そんな彼の背中を見送りながら男……クラウス・リューグナーは唇の端を僅かに歪めてグラスに残った液体を飲み干す。
「人徳ですかねぇ……提督の名を聞いた者は誰もかれもが熱に浮かされたかの様に見境をなくしてしまう。喜ぶべきか、悲しむべきか……やはり貴方は大ペテン師ですよ。白銀提督」
そう楽しげに嘯いたクラウスは席を立ち、店主に釣りは要らないと断って金貨を渡すや、店を出て闇にその姿を紛れさせる。

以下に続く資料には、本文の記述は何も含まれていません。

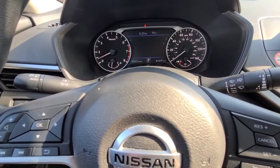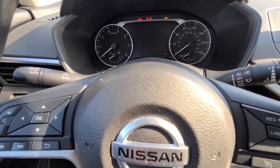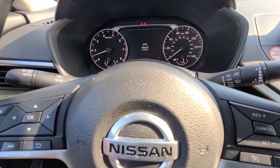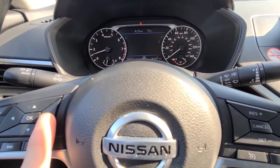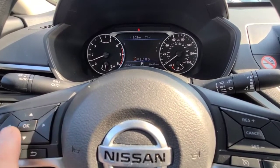I've got a 2019 Nissan Altima. If it says service due on the dash, all you've got to do is use the buttons on your steering wheel and you're going to scroll over to the settings menu, which is going to be this gear symbol all the way to the right.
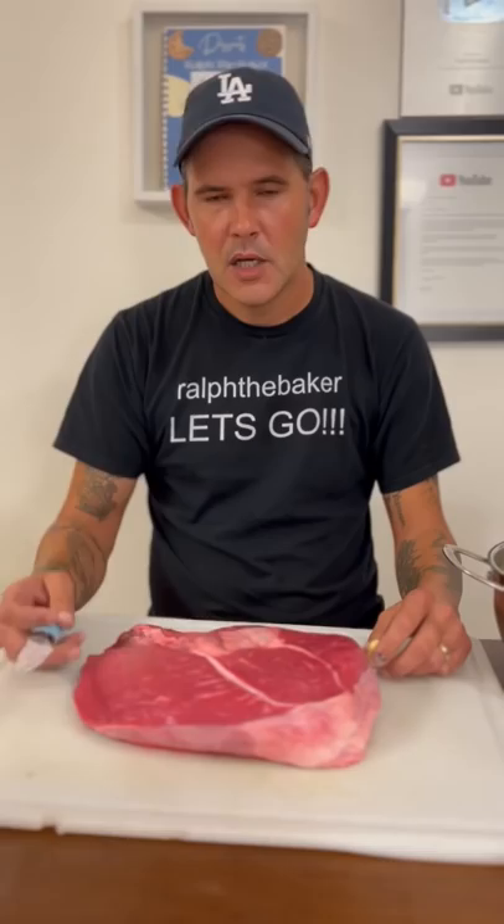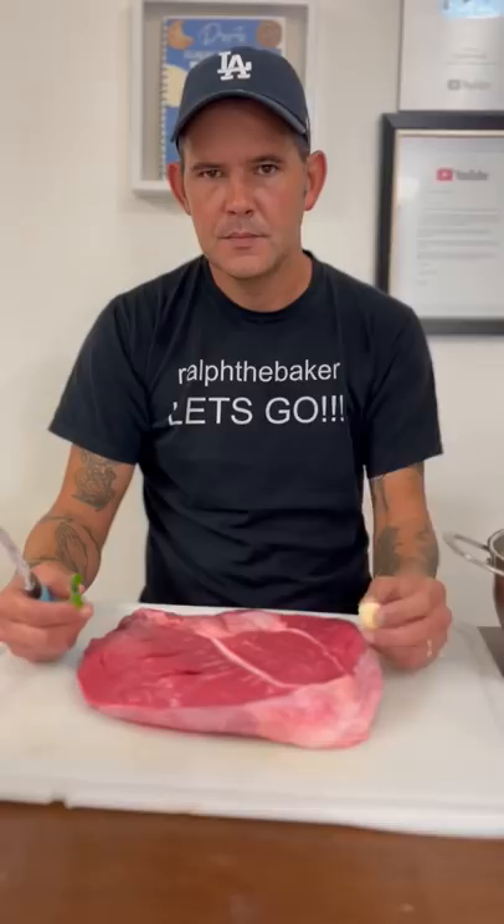Alright y'all, I'm going to show you how to make the best roast ever. Let's go. Go ahead and make 10 little cuts, halfway through the roast, on one side.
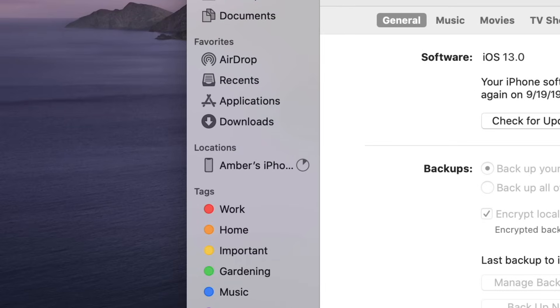If you've already set up encrypted backups, just click Backup Now. This backup will be stored locally on your Mac.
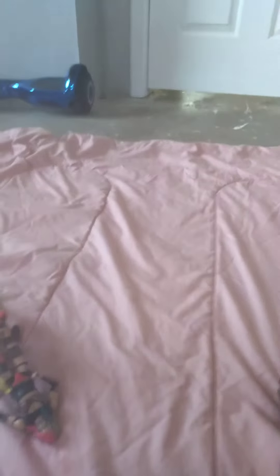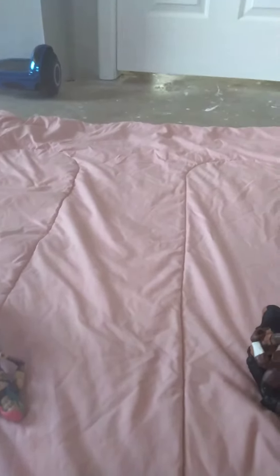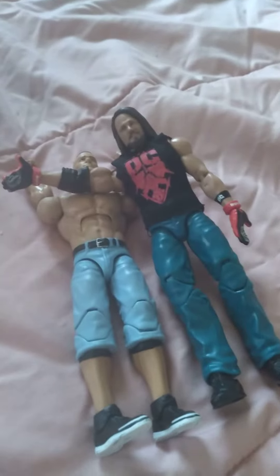Hello guys! So we have these action figures and we are going to be doing an action figure 2022 setup. Let's go! Right over here, we have AJ Styles giving an elbow drop to John Cena.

次なる彼の目的地は比較的近しい星系の太陽系であり、地球を最後にセレーネに帰還するつもりでいた。
(やれやれ。それにしても人使いが荒いですねぇ。エリザに何かみやげでも買って帰らなければ、今度こそ離婚の危機でしょうか?)
憂慮すべき未来予想図を思い浮かべて溜息を吐くクラウスだったが、セレーネで驚愕の案件が持ち上がっているとは、終ぞ考えもしなかったのである。